▶ _INSTRUCTIONS FOR THE TASK_
Every line from the one containing "ROUND HILL - Residential" to the end of the data below should be copied exactly, but pictures should not.

▶ _INFORMATION PROVIDED_
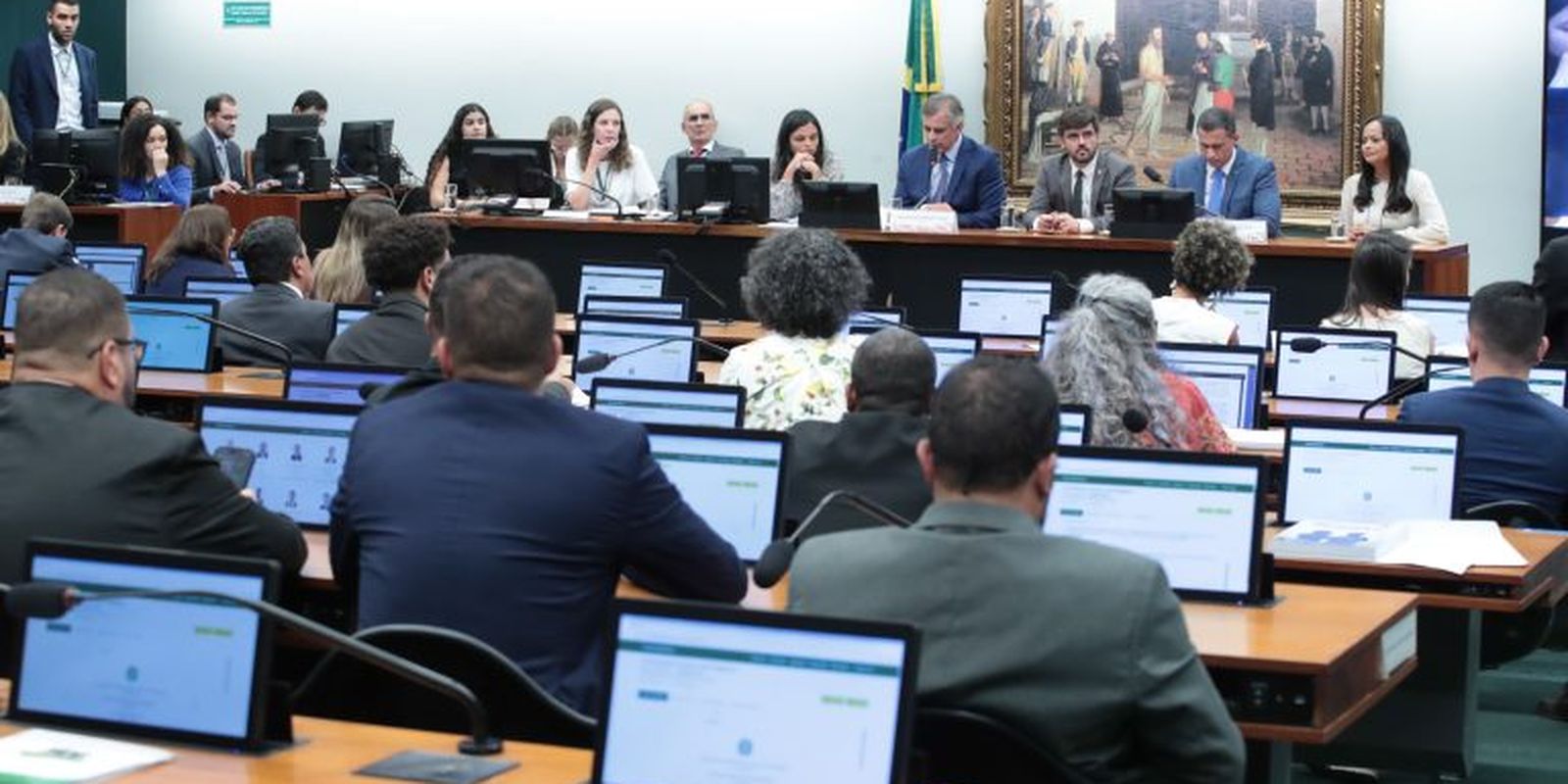 CCJ da Câmara adia votação de PEC sobre maioridade penal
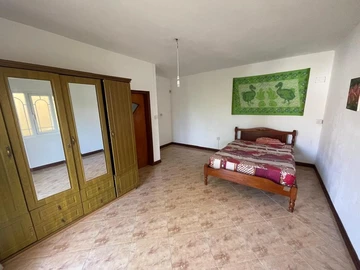 6 Bedroom House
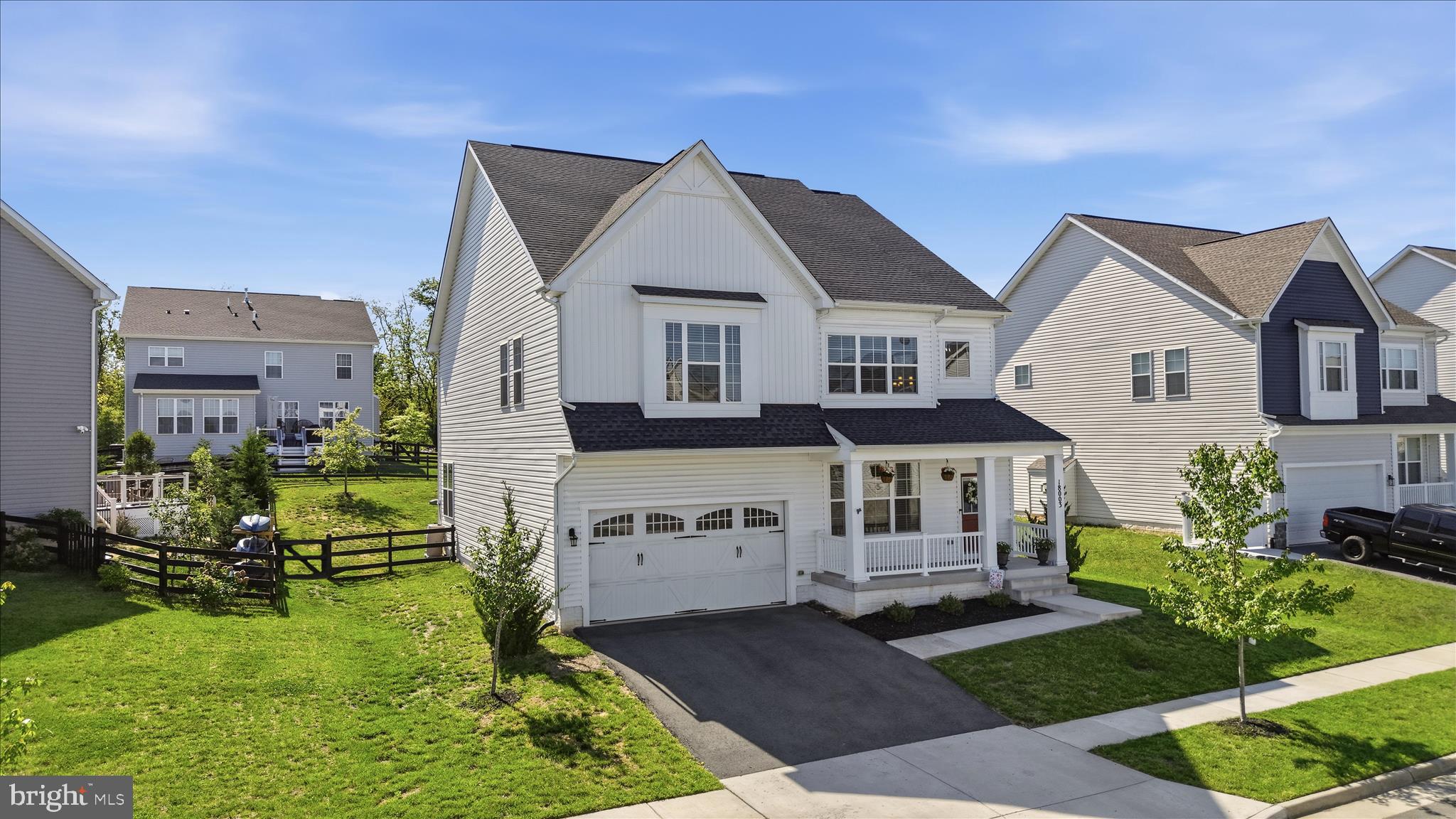 ROUND HILL - Residential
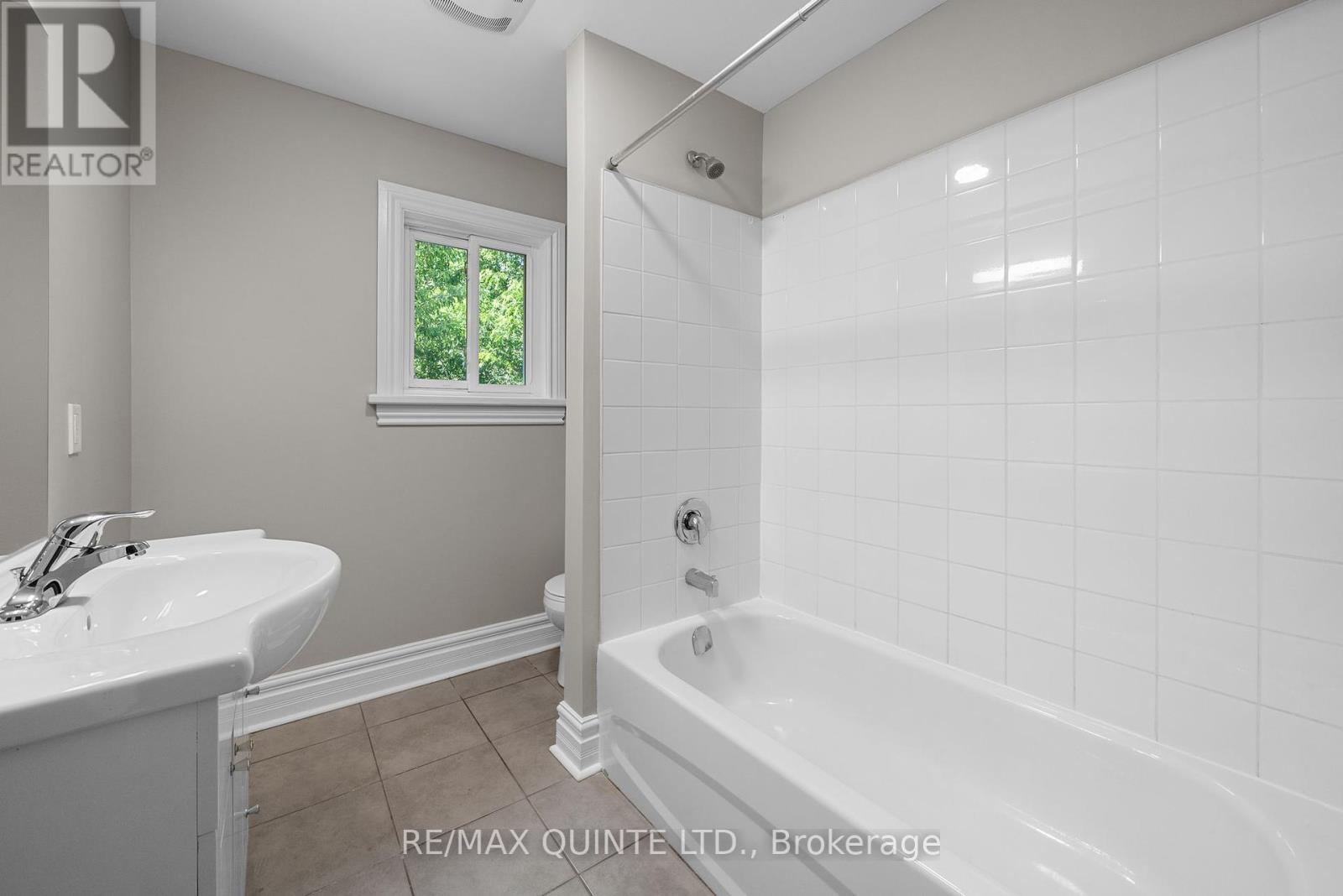 14 Elm Street, Prince Edward County, Ontario  K0K 2T0 - Photo 23 - X12325033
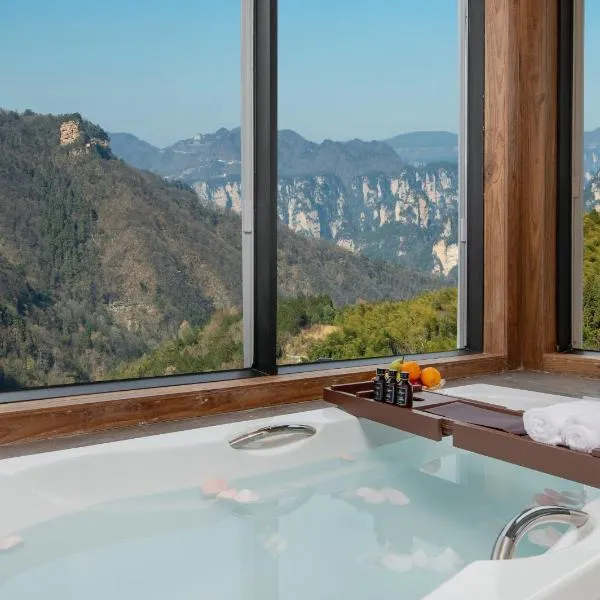 Zhangjiajie Valley Love Holiday hotel - Free pick up service, hotel v destinaci Čang-ťia-ťie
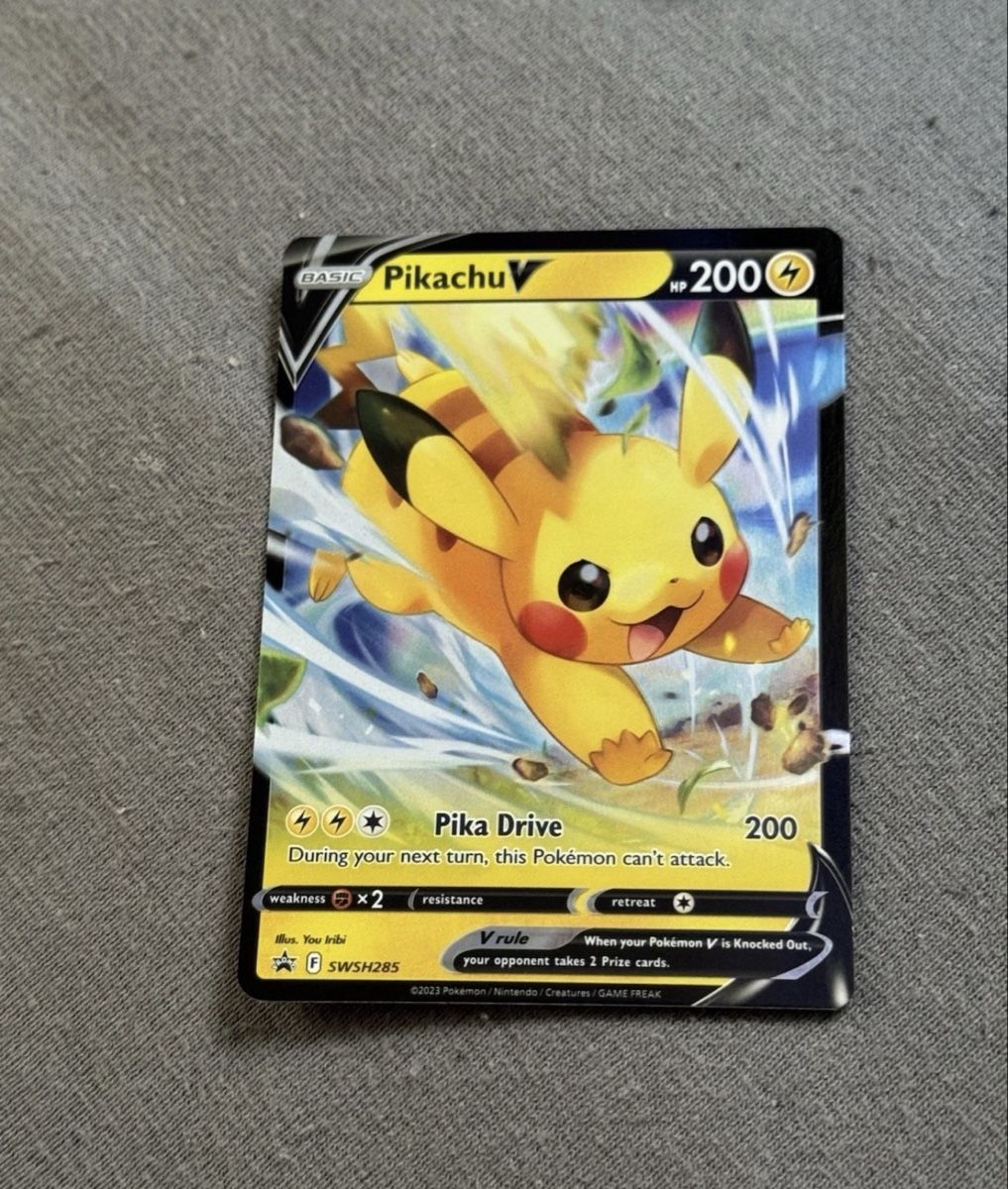 Cartoline: Pokémon - Pikachu V - SWSH285 - Holo – Usato da Münchenstein venduto da DuellAkademie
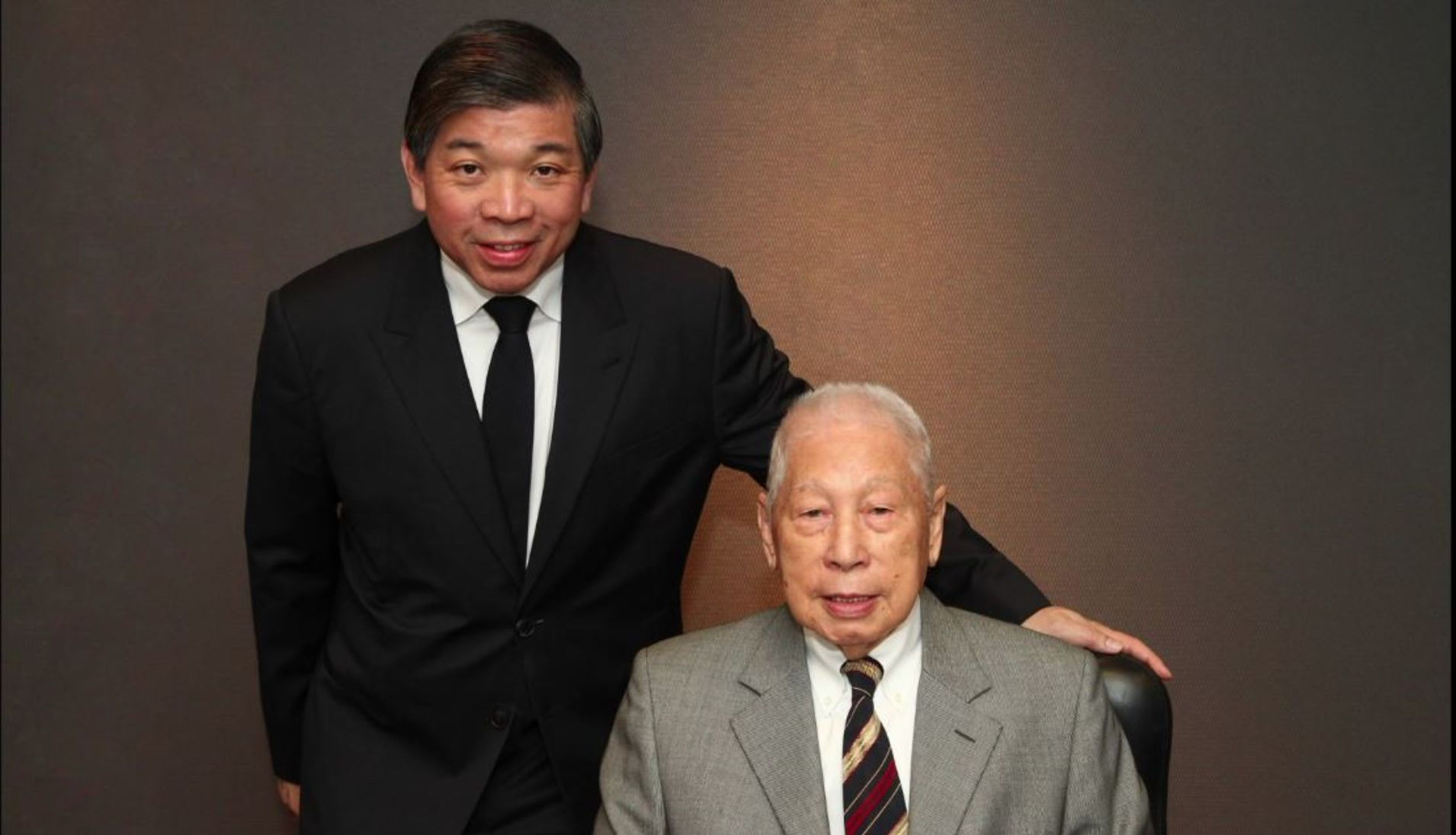 Ông Chang Yun Chung, 100 tuổi, tỷ phú lớn tuổi nhất thế giới hiện nay.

▶ _YOUR SOLUTION_
 ROUND HILL - Residential
 14 Elm Street, Prince Edward County, Ontario  K0K 2T0 - Photo 23 - X12325033
 Zhangjiajie Valley Love Holiday hotel - Free pick up service, hotel v destinaci Čang-ťia-ťie
 Cartoline: Pokémon - Pikachu V - SWSH285 - Holo – Usato da Münchenstein venduto da DuellAkademie
 Ông Chang Yun Chung, 100 tuổi, tỷ phú lớn tuổi nhất thế giới hiện nay.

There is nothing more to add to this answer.